08 June 2013

Spring Bouldering Wyoming

Spring is here and moving quickly to summer. A long while has passed since my last post, but not because of any lack of bouldering. Because of too much bouldering in a time of decompression from a long year of graduate school, which I can add along with desk jobs as something that potentially kills people. The past weeks have been a time of failing on old problems, regaining fitness, and a few surprises including sneaking up a spectacular hard project from a season past (an event I have dubbed the "Fat Kid Miracle"). I have been amazed by how seamlessly a life of academic rhythm can flow so quickly into one of wild places and good stone where a calendar is lost to meaning. Complete abandon of one to reach into another. With summer on the way, and conditions changing daily, I will show here what has passed in the month behind us and a hint of the month ahead. So many good boulders in such beautiful places make for a classic Wyoming spring.

Neverland:
Spring in Neverland is always a reminder of lost fitness from a season bouldering inside. Winter training just doesn't prepare one for the rigors of full days and long walks to many problems. This spring was one of particular struggle for me to regain fitness. A long winter with little climbing yielded great entertainment as I struggled on my own problems from seasons past. It is always interesting to rework a known problem, and a great lesson.
Dr. Thunder on Memory of Ankylosaur V7/8, a problem with a touch of new beta putting the original V8 grade to question
Some help came this season from the south as Jamie Emerson, Justin Jaeger, and Wendy (who's last name I don't know) drove up to enjoy the good stone and conditions of a Neverland spring. They made the most of their trips and added several good lines to the area and repeated several others. Jaeger has turned the Columbine Cave into a finer variance-link-up-mayhem-problem-to-problem-chalk-every-hold-boulder than Morrison could ever be.
Jaeger on some sort of mega link up in the Columbine roof
Jamie completed a long standing project of good quality on fantastic slimper holds, The Arkenstone V11, of which I hope to repeat when it cools again. Jamie also spent some time repeating older lines in the Neverland sectors we visited. It was good motivation to see many of my established lines completely quickly and to see new beta on many of them.
Jamie on the opening crux of Moon Dust V9, a picture to quench your thirst as I don't have an image of Jamie on The Arkenstone V11. (see B3bouldering)
Devil's Kitchen:
With Neverland growing warmer and my body getting into bouldering shape again, Josh Oxner and I drove north to the Wind Rivers. Our hope was to sneak a few days in at Devil's Kitchen before the sun torments the place through summer. With Torrey Valley as a back up plan just in case, we never left, and Torrey remains destination I have yet to check off this season.
On the first day we hiked and made our way into the upper canyon where much virgin rock awaits a suitor. The way was blocked by thick forest, sharp bramble, a moose, and white water that would swallow a man whole. We became men in an afternoon. Josh tore both pant legs to shreds and blew out a shoe. We found immense amounts of boulders and an approach that will actually be pretty reasonable come fall. And we found a beautiful and desolate canyon with no one in it.
Josh's new pirate pants and scars to be
Day two I bouldered while Josh rested. I developed above the previous "Upper Kitchen" boulders and finally went to work on a new prow in the Upper Kitchen. Several good new lines went up and many others were cleaned. The prow I left in the Upper Kitchen will hold my attention until I can return to complete it. I finished the day tired and with ruined skin, but with a feeling of great potential for the Kitchen.
Day Three Josh and I both bouldered and descended into the "Lower Kitchen" along with Tim, Shannon, Rob, and Justin, while Jesse cleaned lines up top. Josh and I made a short recon once again into rugged and thorny wild. We found some good things to do in the fall. Several good lines went up throughout the day, but a highlight was Shannon making a quick FA of Crystalis V6?, a direct line going up from near the start of Bumble Speak V8. It is a beautiful line with a committing top out. no one else repeated it that evening.

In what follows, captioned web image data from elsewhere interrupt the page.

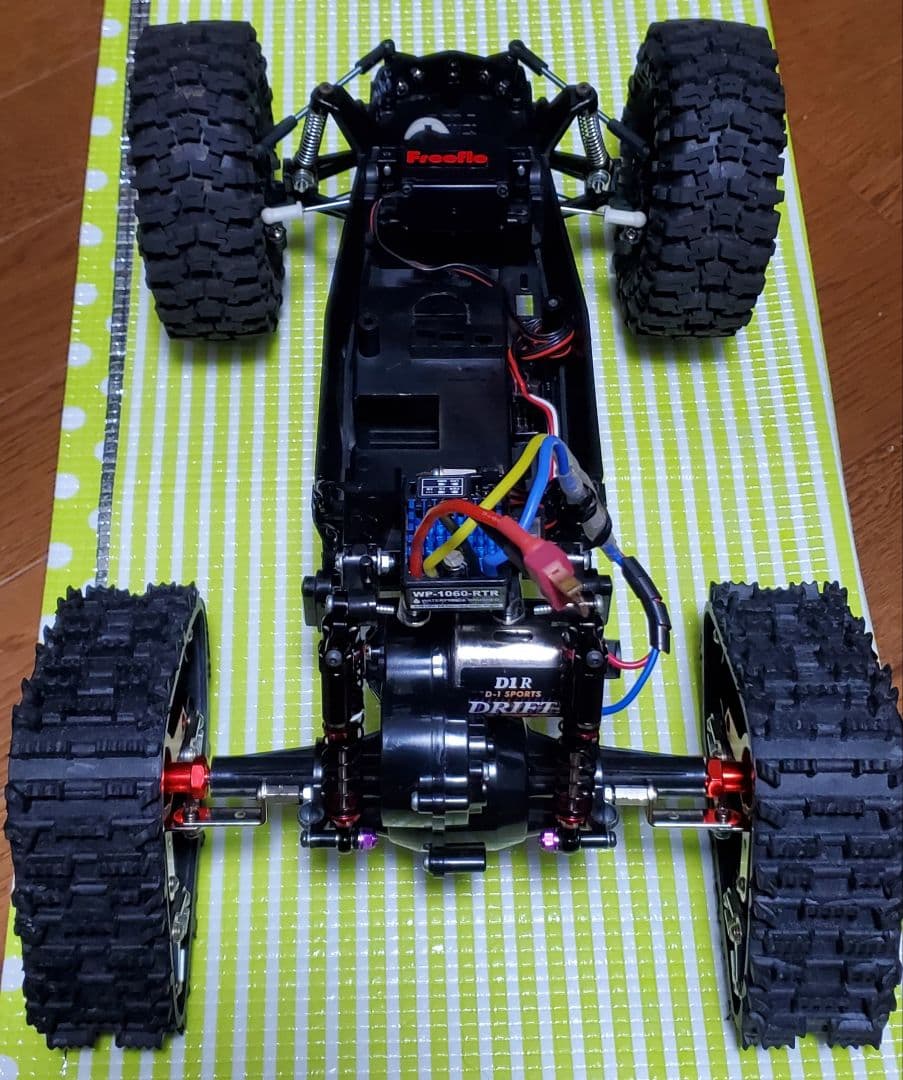 ホーネット改造、オリジナル!!クローラ仕様。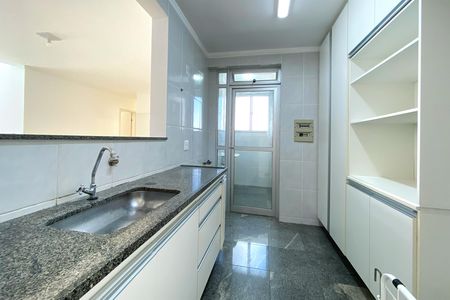 Apartamento para alugar com 220m², 5 quartos e 2 vagas Apartamento para alugar com 220m², 5 quartos e 2 vagasCozinha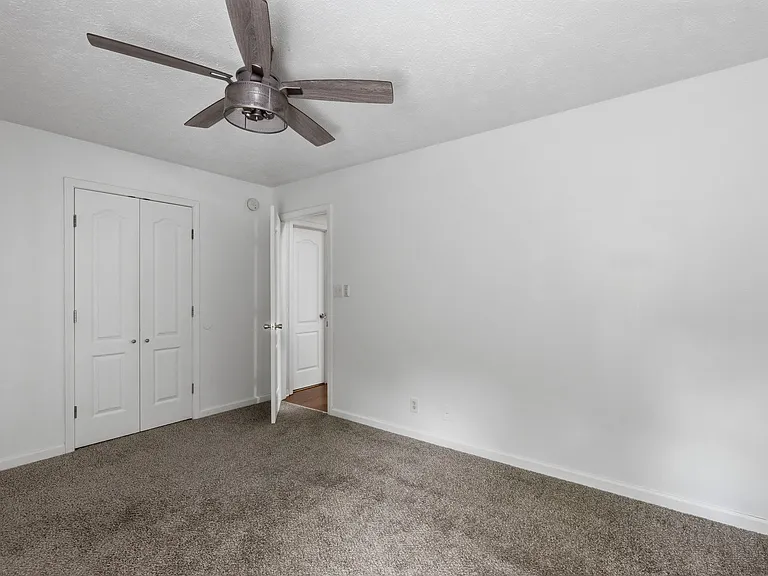 123 Vivian Dr — Photo 11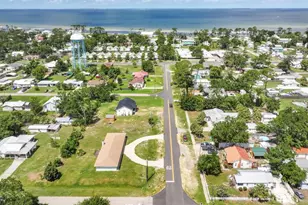 604 10th St, Port Saint Joe, FL 32456 - Photo 35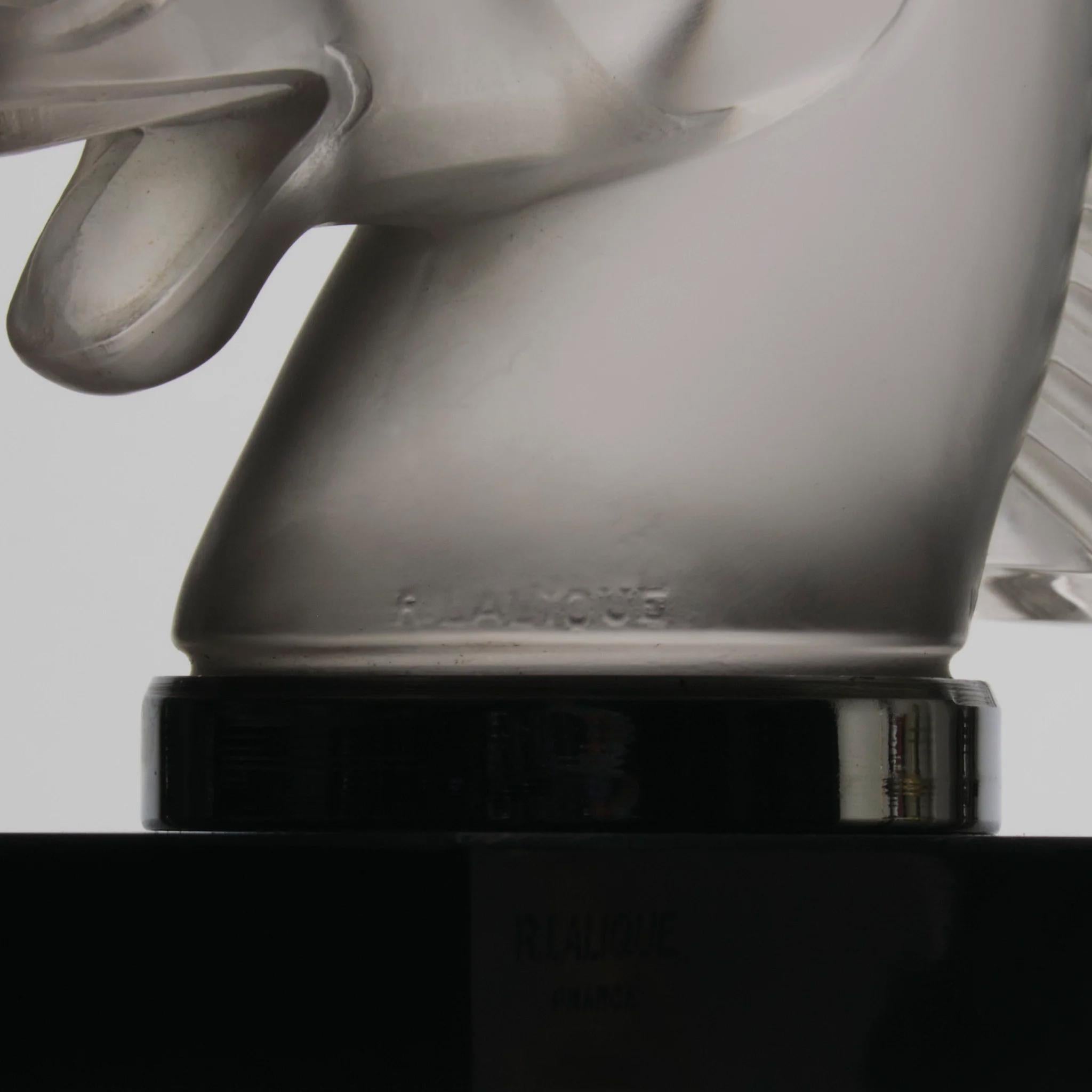 Mascotte di auto in vetro Art Deco dei primi del Novecento 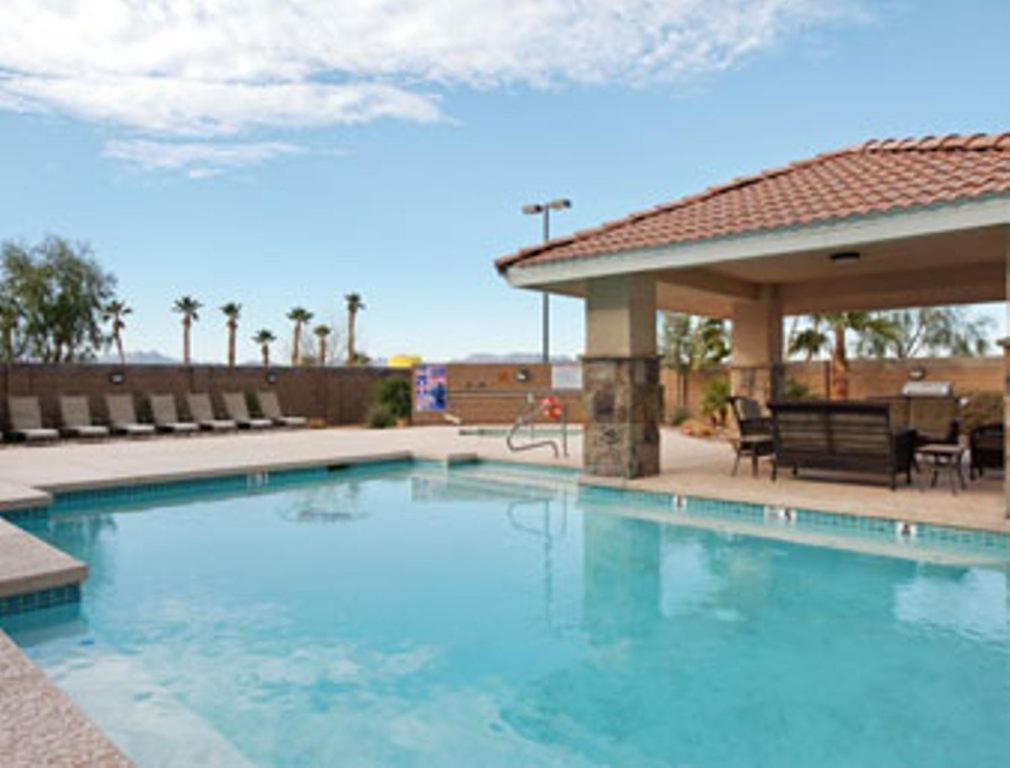 Microtel Inn & Suites by Wyndham Wellton photo 3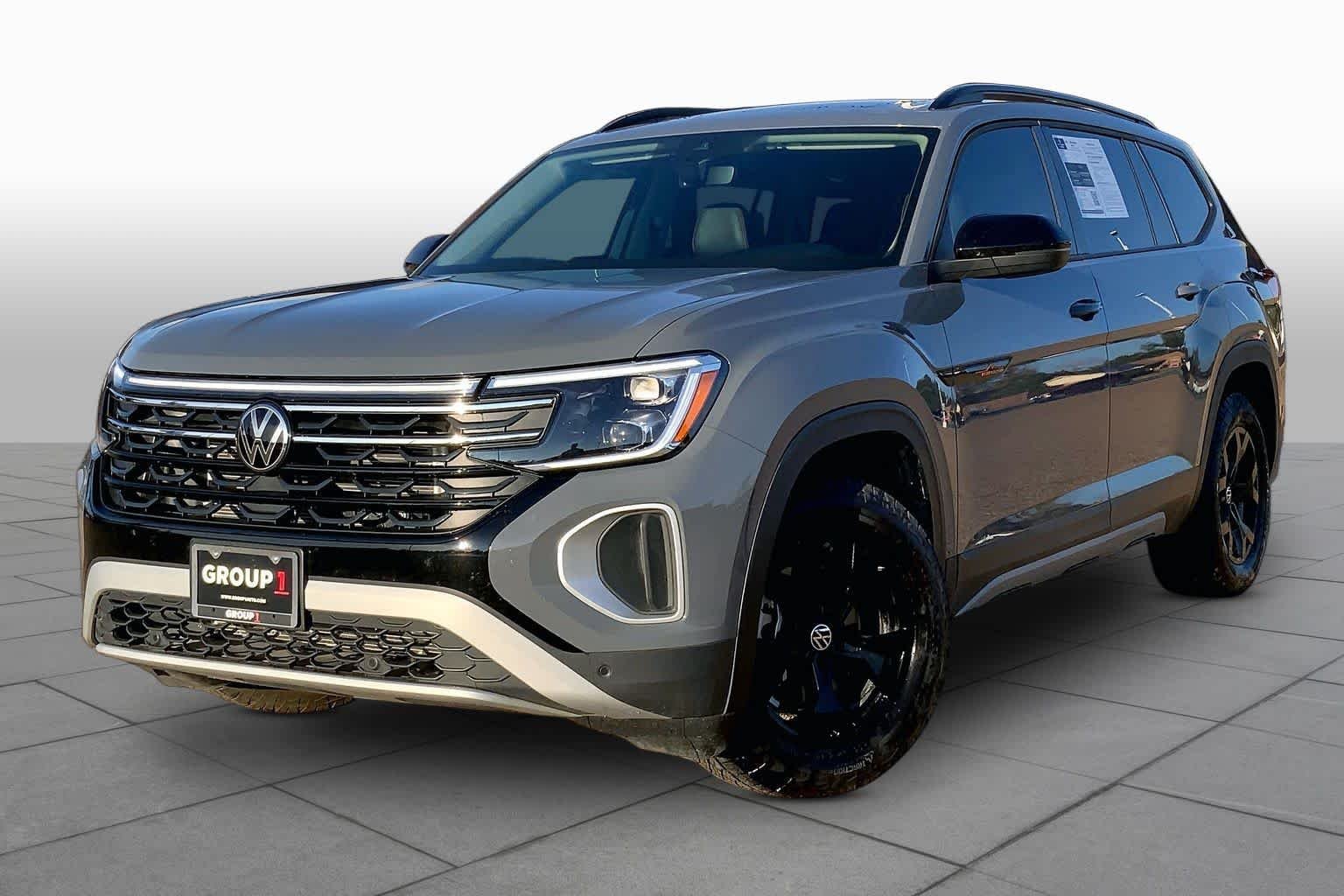 Pre-Owned 2026 Volkswagen Atlas 2.0T Peak Edition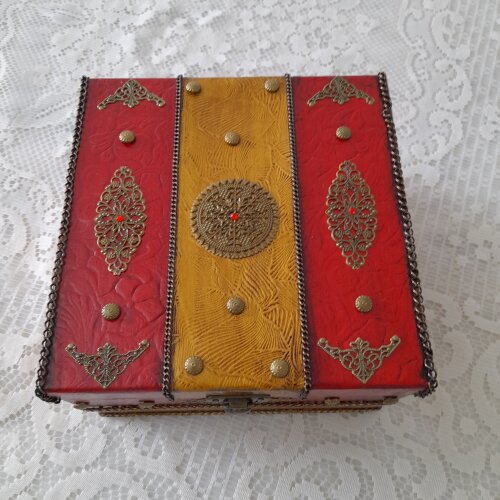 Caixa bau em mdf vermelho e dourado com envelhecimento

Josh on a new Kitchen problem Neon Aphid V3? baking in the sun on this day.
The FA of Crystalis V6
The Crystalis ascent motivated me enough to chalk my sore tips and spread pads under a stubborn project of a prow on perfect rock. One I had spent some time cleaning and trying on my last trip into the Kitchen last year. It is the first thing Jamie Emerson had put chalk on in the Lower Kitchen and I am incredibly thankful for him suggesting I try it during a trip last year. I expected a trial on bad holds and a difficult evening, as Jamie and I had both agreed it was a difficult line. At a minute or so past 7pm I performed the "Fat Kid Miracle" and managed the crux move, then the rest of the line in grunts and core tension. A rare moment in my bouldering indeed. The line simply went, and went quickly. What felt like 8A+ on previous trips, felt much easier a minute or so past 7pm and is now Viscountess Olive, a problem I won't grade at this time, but is an amazing problem none the less.
The beautiful Viscountess Olive
Day Four I rested while Josh cleaned and chalked boulders above camp in the heat. A strange dream found me sleeping on my pad and I woke up in burning sun. We drove home and rested our wounds for another day.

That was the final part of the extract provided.